Programs that sift through corporate e-mail will target keywords that managers think are relevant to the at-risk behaviors they want to eliminate from the workplace. Similarly, programs exist that flag corporate security if an employee visits a Web site that might not be relevant to the job. In those cases, it's up to you to defend your use of keywords, or the sites you visit. The company who uses such programs has already indicated that it feels no obligation to ensure your privacy if it thinks that its computers are not being used for company business.

The flip side of this e-mail sifting is that words may be found that are completely out of context of any kind of behavior that could be considered "inappropriate" by a reasonable person. Consider the following word list compiled by Tom McNichol in Wired, March 2000:

  • bimbo
  • alarm pad
  • David Duke
  • resume
  • fondle
  • ATF
  • job offer
  • ammonium nitrate
  • reefer
  • I'll show him/her
  • fertilizer
  • anarchy
  • signing bonus
  • bacteriological
  • meth
  • copyright
  • Puerto Rican
  • stress
  • pipe bombs
  • unfair
  • Aryan
  • performance review

Assignments

The above words are just a few detected by Cameo, a MicroData e-mail sifter designed for Microsoft Exchange Server. Since Cameo, or any other e-mail sifter, must rely on human input to know what to search for, how would you instruct it? What would you look for? Why?

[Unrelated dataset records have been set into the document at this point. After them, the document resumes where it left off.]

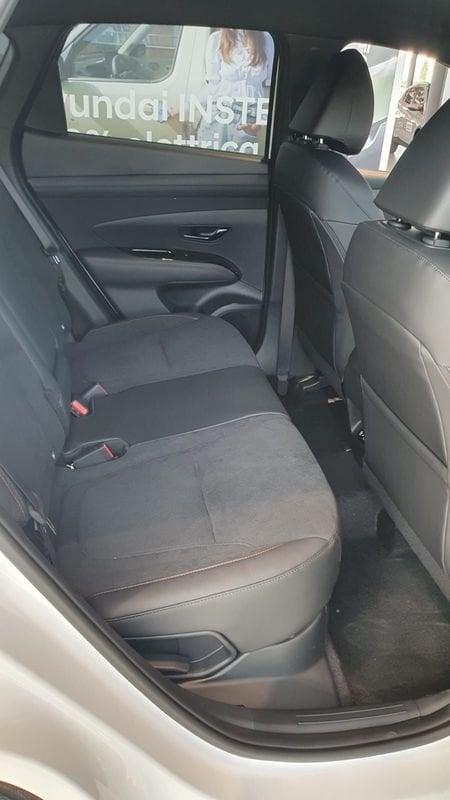 Hyundai Tucson Hybrid 1.6 HEV 4wd 239cv N-Line Auto TUA A 298.00€ MESE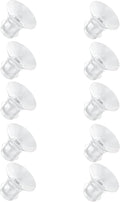 Flange Inserts 21mm for Medela, Spectra 24mm Shields/Flanges, Compatible by Unknown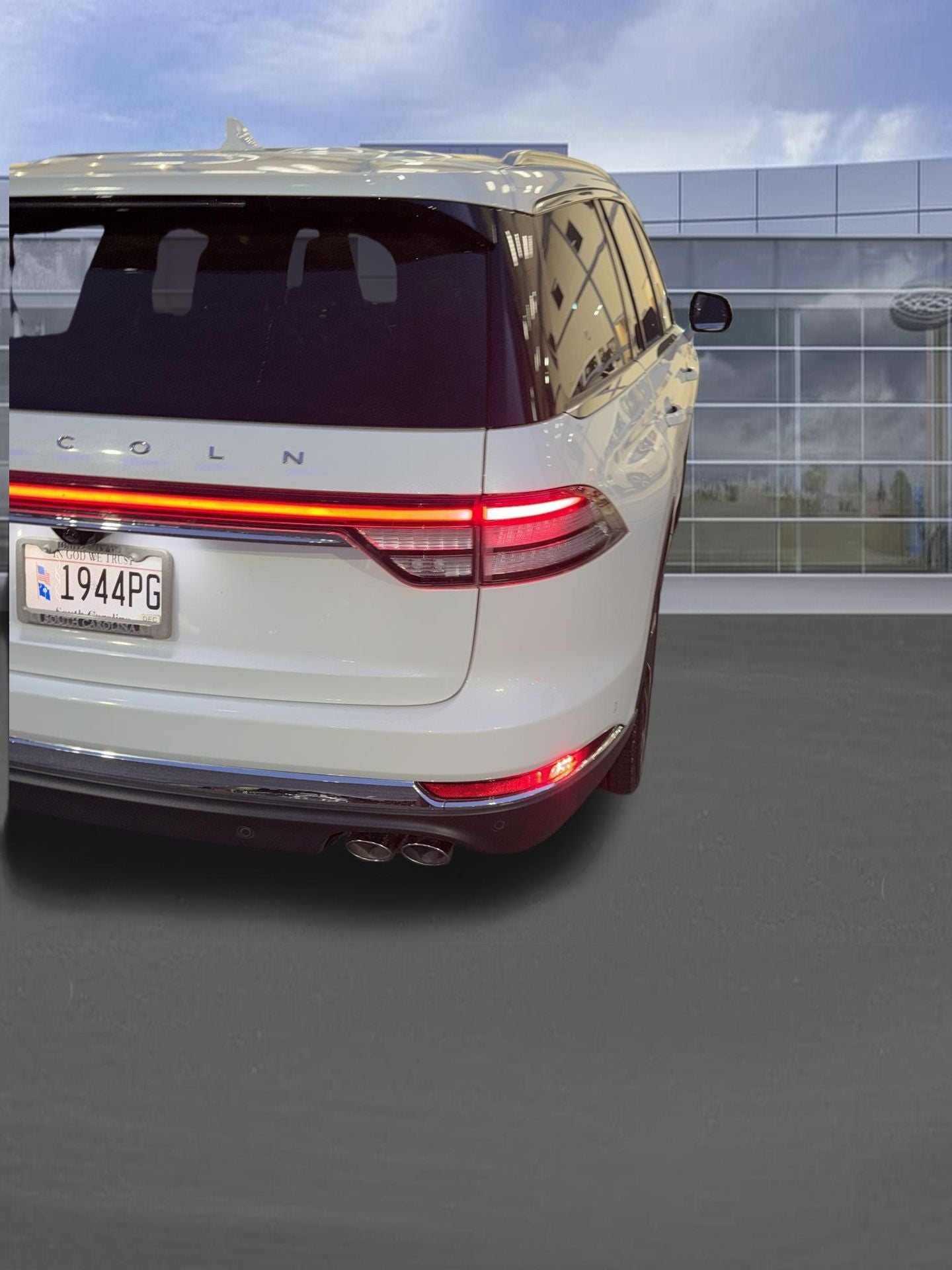 2023 Lincoln Aviator Reserve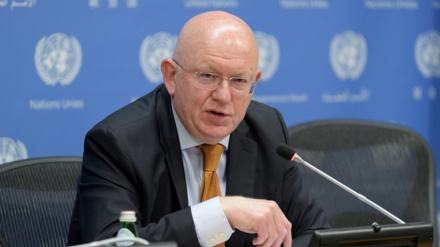 Russland fordert UNO auf, die Ukraine daran zu hindern, „schmutzige Bomben“ einzusetzen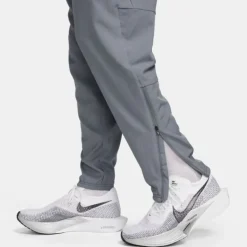 Nike Collant Et Pantalon Running^Dri-FIT Challengr Woven Running Pants Gris
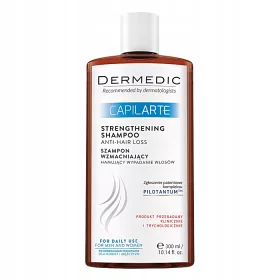   Șampon Fortifiant pentru Prevenirea Căderii Părului - 300 ml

Review this list of keywords from security provider Echelon. What do you think they're looking for? Why?

References

Electronic Frontier Foundation
EFF's Top 12 Ways to Protect Your Privacy


What You Can Do

  1. Don't assume that e-mail you send is really private. This means that if you want to send confidential information, you should consider encrypting it first. If you want to send mail you really don't want your boss to see (e.g. looking for a new job), you'd be better off sending it from home. :-)
  2. Your employer is not obligated to pay for your right to free speech.
  3. Your employer may think that the name of a newsgroup or discussion forum alone indicates fully whether it is appropriate for corporate participation. This is likely to be a misunderstanding, but you have to check before participating.
  4. Remember that your personal information is being collected when you're online. It's usually because you fill out forms or respond to ads, but not always - some programs (and individuals) assume your habits based on Usenet newsgroups or Web sites or chat rooms that you visit.